- _Action item_
Find every line below with the string "free" and pick it out.

Items from a dataset:
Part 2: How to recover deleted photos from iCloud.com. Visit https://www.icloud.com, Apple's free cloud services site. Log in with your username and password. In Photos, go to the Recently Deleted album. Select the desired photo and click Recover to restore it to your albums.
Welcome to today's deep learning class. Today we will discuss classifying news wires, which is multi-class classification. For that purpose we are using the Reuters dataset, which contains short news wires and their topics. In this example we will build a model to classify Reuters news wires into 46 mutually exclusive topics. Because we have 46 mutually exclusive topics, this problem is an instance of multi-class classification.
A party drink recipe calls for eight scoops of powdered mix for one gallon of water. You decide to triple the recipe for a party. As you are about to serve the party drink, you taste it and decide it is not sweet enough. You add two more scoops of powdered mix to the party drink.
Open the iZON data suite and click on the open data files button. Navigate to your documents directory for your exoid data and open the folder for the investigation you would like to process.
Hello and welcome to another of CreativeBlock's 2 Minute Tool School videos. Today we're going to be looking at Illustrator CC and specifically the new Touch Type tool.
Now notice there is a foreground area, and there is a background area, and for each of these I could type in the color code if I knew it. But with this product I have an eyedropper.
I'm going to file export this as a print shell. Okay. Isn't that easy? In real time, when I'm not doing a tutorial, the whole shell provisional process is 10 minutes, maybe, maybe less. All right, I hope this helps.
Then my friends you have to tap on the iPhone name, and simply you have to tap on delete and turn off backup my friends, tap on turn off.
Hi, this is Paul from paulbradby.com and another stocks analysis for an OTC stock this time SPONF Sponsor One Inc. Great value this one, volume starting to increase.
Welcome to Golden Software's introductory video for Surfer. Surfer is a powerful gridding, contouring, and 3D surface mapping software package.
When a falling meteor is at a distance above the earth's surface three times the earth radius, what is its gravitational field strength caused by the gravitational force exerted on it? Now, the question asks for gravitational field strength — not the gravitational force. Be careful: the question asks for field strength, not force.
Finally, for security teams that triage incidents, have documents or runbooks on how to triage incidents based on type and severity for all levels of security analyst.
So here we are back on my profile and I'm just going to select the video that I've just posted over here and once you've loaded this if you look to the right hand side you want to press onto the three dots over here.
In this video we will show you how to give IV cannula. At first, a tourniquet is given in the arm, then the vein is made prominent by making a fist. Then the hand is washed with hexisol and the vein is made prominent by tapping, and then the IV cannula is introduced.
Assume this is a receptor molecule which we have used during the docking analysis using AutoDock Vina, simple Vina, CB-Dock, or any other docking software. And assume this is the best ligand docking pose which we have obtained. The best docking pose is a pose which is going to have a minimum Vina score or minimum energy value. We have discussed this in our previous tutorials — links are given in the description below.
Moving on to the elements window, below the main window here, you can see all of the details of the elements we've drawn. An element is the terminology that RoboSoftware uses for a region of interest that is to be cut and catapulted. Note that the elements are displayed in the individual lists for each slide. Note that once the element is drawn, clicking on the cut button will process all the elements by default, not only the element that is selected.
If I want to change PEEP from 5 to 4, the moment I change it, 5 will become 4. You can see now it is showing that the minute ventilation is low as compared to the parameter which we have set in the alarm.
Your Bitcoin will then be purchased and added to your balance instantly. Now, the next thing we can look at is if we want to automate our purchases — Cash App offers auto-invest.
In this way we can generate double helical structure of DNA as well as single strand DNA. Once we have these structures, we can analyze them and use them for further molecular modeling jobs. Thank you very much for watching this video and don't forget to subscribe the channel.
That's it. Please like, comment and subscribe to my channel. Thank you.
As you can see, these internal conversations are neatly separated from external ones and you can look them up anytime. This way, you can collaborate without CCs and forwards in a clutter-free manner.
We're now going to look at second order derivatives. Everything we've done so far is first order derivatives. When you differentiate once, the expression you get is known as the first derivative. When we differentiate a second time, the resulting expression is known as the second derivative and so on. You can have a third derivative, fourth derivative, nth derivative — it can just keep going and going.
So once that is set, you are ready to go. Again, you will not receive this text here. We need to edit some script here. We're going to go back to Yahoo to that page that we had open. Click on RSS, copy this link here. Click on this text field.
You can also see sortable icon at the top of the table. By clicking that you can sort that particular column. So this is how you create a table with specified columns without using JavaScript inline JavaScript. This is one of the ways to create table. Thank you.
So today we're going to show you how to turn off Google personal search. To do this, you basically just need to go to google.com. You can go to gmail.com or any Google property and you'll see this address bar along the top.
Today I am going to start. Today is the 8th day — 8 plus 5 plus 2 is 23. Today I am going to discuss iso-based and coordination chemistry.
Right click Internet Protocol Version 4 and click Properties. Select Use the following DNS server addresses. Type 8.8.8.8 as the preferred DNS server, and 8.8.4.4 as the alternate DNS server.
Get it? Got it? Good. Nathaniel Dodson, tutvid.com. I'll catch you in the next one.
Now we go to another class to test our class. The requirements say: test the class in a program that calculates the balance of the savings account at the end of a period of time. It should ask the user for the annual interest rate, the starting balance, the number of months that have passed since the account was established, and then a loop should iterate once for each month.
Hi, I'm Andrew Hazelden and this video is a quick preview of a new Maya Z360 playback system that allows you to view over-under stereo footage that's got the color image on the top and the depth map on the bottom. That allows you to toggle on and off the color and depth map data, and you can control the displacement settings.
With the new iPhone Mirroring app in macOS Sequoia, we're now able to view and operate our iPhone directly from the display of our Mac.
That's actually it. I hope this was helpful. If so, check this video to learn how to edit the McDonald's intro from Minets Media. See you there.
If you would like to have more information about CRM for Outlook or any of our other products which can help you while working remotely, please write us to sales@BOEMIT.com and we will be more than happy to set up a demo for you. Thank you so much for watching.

- _Reply_
Part 2: How to recover deleted photos from iCloud.com. Visit https://www.icloud.com, Apple's free cloud services site. Log in with your username and password. In Photos, go to the Recently Deleted album. Select the desired photo and click Recover to restore it to your albums.
As you can see, these internal conversations are neatly separated from external ones and you can look them up anytime. This way, you can collaborate without CCs and forwards in a clutter-free manner.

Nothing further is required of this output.